Changelog

v3.9 (development)

API Changes

New Features

  • Added new featurizer `FeatureSlicer`. `FeatureSlicer` can slice the ouput of

regular featurizer objects to just the required indices. - Generalized `KappaAngleFeaturizer` to be able compute the angles between arbitrarily offset CA atoms. - Added functions to compute error bars for transition probabilities to account for

finite sampling, and sample transition matrices from these error distributions (i.e. bootstrapping). Located in `msmbuilder.msm.validation.transmat_errorbar`.
  • Added new featurizer `FeatureSlicer`. `FeatureSlicer` can slice the ouput of regular featurizer objects to just the required indices (gh-1022).
  • Added functions to compute error bars for transition probabilities to account for finite sampling, and sample transition matrices from these error distributions (i.e. bootstrapping). Located in `msmbuilder.msm.validation.transmat_errorbar` (gh-1010).
  • Added methods for computing the Kullbeck-Leibler, symmetric KL, and Jensen-Shannon divergences of probability distributions, arrays thereof, or flattened MSM objects.
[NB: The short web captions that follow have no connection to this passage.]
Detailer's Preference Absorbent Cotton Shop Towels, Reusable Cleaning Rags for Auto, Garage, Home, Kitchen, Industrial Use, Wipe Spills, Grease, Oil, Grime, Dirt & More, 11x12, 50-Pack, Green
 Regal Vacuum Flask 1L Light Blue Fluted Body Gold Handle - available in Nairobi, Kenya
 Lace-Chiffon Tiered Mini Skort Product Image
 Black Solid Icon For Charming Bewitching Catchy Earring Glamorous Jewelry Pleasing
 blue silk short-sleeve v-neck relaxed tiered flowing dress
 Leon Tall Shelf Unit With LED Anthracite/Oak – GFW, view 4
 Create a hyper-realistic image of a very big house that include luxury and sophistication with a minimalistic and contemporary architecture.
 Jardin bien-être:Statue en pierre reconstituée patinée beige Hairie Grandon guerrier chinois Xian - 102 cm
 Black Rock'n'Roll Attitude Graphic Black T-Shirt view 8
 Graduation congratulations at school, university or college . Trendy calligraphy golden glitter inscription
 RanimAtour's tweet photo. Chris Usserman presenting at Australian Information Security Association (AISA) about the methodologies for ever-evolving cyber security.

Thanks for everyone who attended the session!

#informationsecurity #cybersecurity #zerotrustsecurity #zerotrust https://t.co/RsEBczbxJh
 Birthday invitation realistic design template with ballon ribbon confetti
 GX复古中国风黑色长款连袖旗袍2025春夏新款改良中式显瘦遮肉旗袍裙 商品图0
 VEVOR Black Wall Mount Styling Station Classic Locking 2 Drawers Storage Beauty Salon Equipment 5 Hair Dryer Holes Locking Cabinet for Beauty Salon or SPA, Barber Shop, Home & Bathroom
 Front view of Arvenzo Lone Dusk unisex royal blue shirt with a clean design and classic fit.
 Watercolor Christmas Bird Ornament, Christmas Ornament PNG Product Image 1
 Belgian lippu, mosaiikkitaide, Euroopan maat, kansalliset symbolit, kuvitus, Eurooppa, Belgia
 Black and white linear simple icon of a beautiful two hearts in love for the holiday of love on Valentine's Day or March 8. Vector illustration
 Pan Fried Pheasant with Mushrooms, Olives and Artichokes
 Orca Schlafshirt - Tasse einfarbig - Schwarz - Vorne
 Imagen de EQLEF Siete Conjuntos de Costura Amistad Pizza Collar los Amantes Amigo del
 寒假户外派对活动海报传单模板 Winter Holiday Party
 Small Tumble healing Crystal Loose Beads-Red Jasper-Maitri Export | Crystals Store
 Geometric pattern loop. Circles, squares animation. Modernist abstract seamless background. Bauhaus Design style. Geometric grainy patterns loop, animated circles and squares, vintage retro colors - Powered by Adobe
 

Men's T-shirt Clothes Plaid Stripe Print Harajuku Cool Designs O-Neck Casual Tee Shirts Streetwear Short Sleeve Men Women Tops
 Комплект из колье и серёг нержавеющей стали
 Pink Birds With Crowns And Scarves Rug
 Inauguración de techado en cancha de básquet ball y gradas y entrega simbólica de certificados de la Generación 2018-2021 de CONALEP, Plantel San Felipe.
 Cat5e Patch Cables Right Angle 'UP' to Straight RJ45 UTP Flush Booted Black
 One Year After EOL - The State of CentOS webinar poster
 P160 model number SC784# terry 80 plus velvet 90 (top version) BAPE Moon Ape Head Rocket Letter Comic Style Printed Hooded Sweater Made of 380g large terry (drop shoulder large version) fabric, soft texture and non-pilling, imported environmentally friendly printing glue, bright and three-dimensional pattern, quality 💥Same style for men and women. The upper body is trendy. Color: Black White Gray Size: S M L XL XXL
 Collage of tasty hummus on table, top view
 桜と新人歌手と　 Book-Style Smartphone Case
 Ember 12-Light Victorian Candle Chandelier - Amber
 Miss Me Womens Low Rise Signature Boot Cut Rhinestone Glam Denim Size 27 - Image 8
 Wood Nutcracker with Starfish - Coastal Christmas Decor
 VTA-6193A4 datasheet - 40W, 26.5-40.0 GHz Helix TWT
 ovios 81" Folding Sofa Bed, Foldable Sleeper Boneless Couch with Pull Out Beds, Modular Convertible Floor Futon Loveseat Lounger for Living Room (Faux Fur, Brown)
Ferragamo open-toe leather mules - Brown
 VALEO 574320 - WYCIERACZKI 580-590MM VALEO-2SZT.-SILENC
The array and (flattened) MSM metrics are compatible with the custom distance function in `LandmarkAgglomerative` (gh-1035).
  • Added minimum variance cluster analysis (MVCA) for macrostating to msmbuilder.lumping (gh-1045).
  • Added the Bayesian agglomerative clustering engine (BACE) for macrostating to msmbuilder.lumping (gh-1050).

Improvements

  • `SparseTICA` now supports commute mapping.
  • `FeatureSelector` is now compatible with Tree-structure Parzen Estimator method in Osprey (gh-1018).
  • Fixed bug in `from_msm` method for `PCCA` and `PCCAPlus` which now allows a `PCCAPlus` objective function to be specified (gh-1036).
  • `msmbuilder.io.sampling.sample_dimension` with `scheme='edge'` now works properly. (#1043)
  • Changed zippy_maker code so that `Featurizer.describe_features` will return ordered unique lists to make reading and subselecting features easier.

v3.8 (April 26, 2017)

We’re pleased to annoounce the release of MSMBuilder 3.8. This release features updates and improvements to contact featurizers, kernel tICA, HMMs, and preprocessing. There are also some bugfixes and API hygiene improements. We recommend all users upgrade to MSMBuilder 3.8.

API Changes

New Features

  • ContactFeaturizer now lets you use a soft_min option for closest

contact distances.

Improvements

  • The stride parameter in KernelTICA now works as intended to

automatically generate a set of landmark points (gh-972). - The contacts parameter in CommonContactFeaturizer now performs as the contacts method in regular ContactFeaturizer albeit after validating all the contacts. - GaussianHMM and VonMisesHMM are now compatible with sklearn.pipeline.Pipeline workflows (gh-980). - msmbuilder.preprocessing is now compatible with sklearn.pipeline.Pipeline workflows (gh-987). - Fixed error in pickling HMMs (gh-996).

v3.7 (January 26, 2017)

We’re pleased to announce the release of MSMBuilder 3.7. This release introduces several new featurizers that can handle multiple sequences or multiple chains within a topology file. There are also some bugfixes and API hygiene improvements. We recommend all users upgrade to MSMBuilder 3.7.

API Changes

  • TrajFeatureUnion and SubsetFeatureUnion have been removed due to incompatibilities with the scikit-learn API.

New Features

  • KSparseTICA lets you specify the number of non-zero entries, k rather than a regularization strength (gh-916).
  • BootStrapMarkovStateModel optionally saves all the models that it generates (gh-919).
  • tICA supports commute mapping (see 10.1021/acs.jctc.6b00762) (gh-925).
  • CommonContactFeaturizer featurizes different trajectories with different topologies using a common set of inter-residue contacts (gh-876).
  • msmbuilder.tpt.mfpt.mfpts can now compute distributions of MFPTs, accounting for the model error due to finite sampling.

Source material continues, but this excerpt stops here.